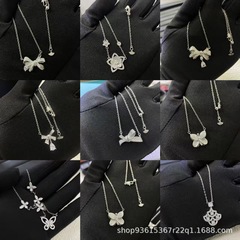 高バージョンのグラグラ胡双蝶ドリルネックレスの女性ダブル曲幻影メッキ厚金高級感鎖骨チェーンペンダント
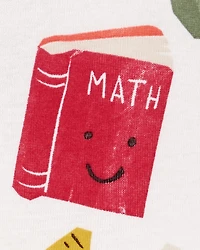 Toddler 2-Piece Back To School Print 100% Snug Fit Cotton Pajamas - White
* * *
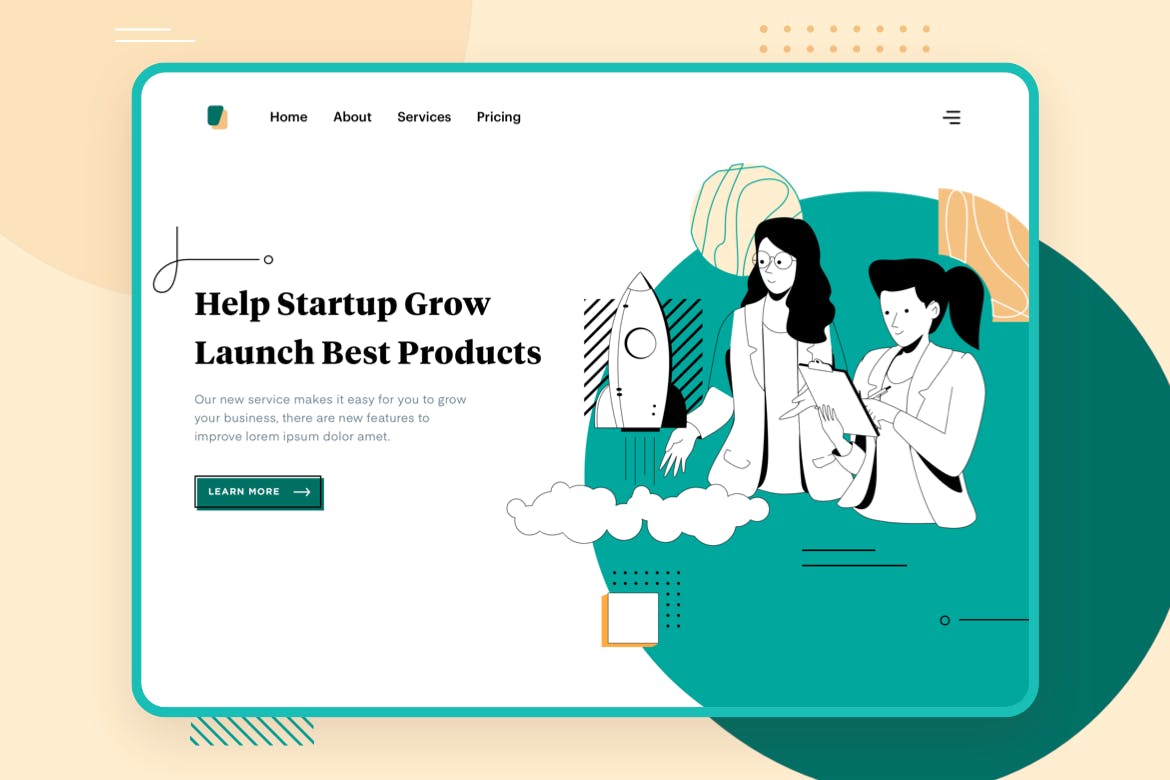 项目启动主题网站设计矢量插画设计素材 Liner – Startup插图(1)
* * *
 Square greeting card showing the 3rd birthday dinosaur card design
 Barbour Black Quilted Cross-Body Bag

**Exercise prompt:** In the listing above, find the line with "高バージョンのグラグラ胡双蝶" and the line with "Toddler 2-Piece Back". Output both, plus every line between them, and no pictures.

**Your response:**
 高バージョンのグラグラ胡双蝶ドリルネックレスの女性ダブル曲幻影メッキ厚金高級感鎖骨チェーンペンダント
 Toddler 2-Piece Back To School Print 100% Snug Fit Cotton Pajamas - White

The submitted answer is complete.